_Your goal_: Retype, exactly and completely, the listing that comes next, skipping its images.
[[ Raw data, beginning ]]
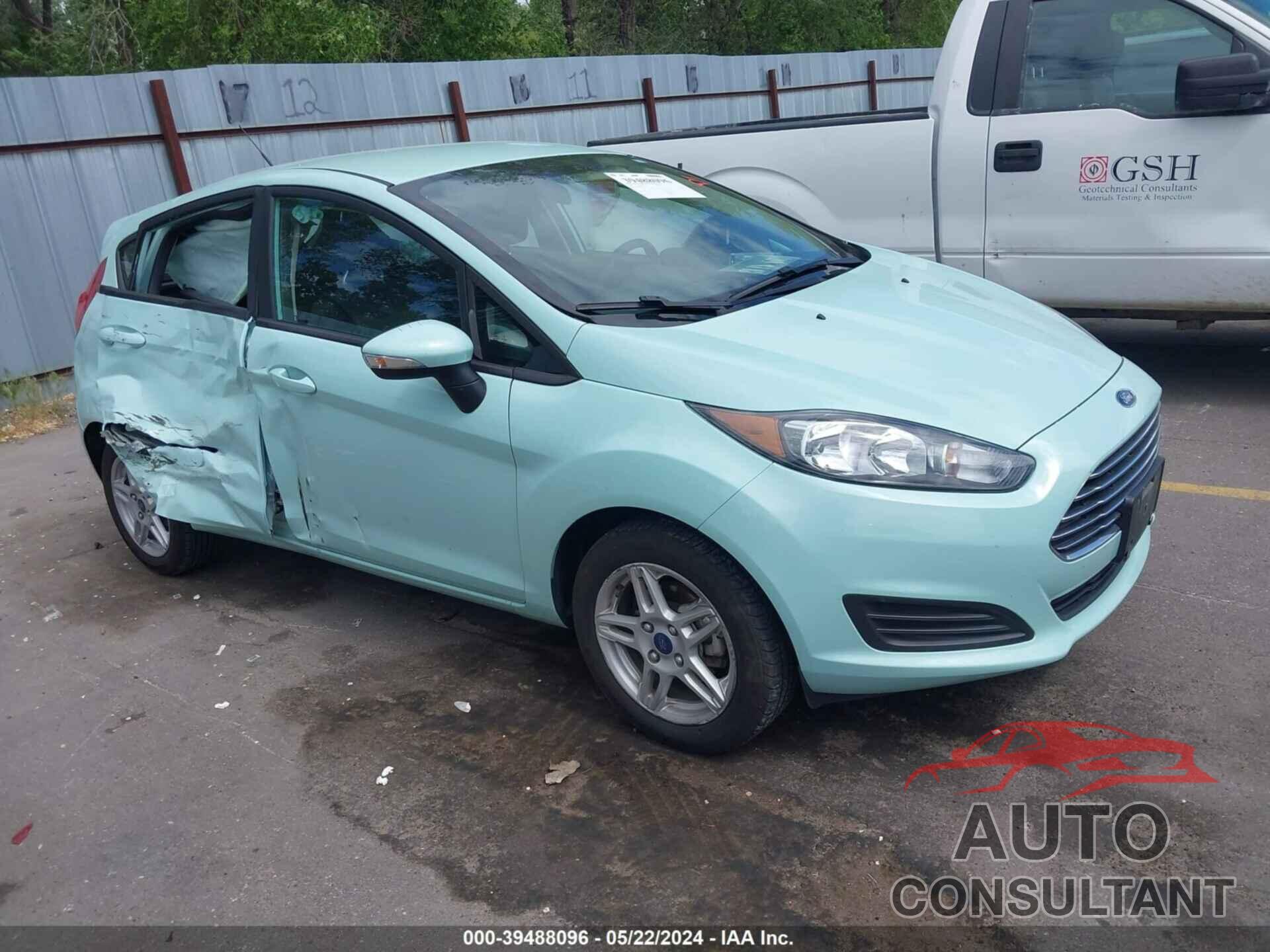 FORD FIESTA 2018 - 3FADP4EJ0JM142830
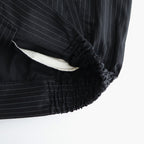 CORPORATE BLOUSON #BLACK STRIPE [FSC261-30111B]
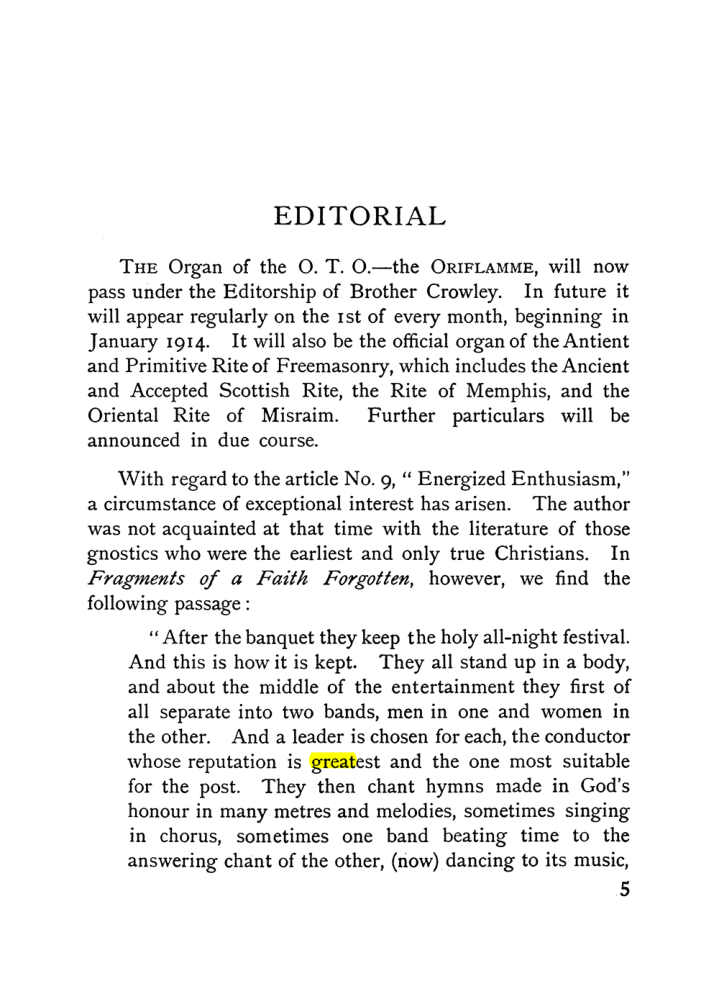 Original scan of The Equinox (Volume I, Number X), PDF page 45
[[ Raw data, end ]]
_Solution to the problem_:
 FORD FIESTA 2018 - 3FADP4EJ0JM142830
 CORPORATE BLOUSON #BLACK STRIPE [FSC261-30111B]
 Original scan of The Equinox (Volume I, Number X), PDF page 45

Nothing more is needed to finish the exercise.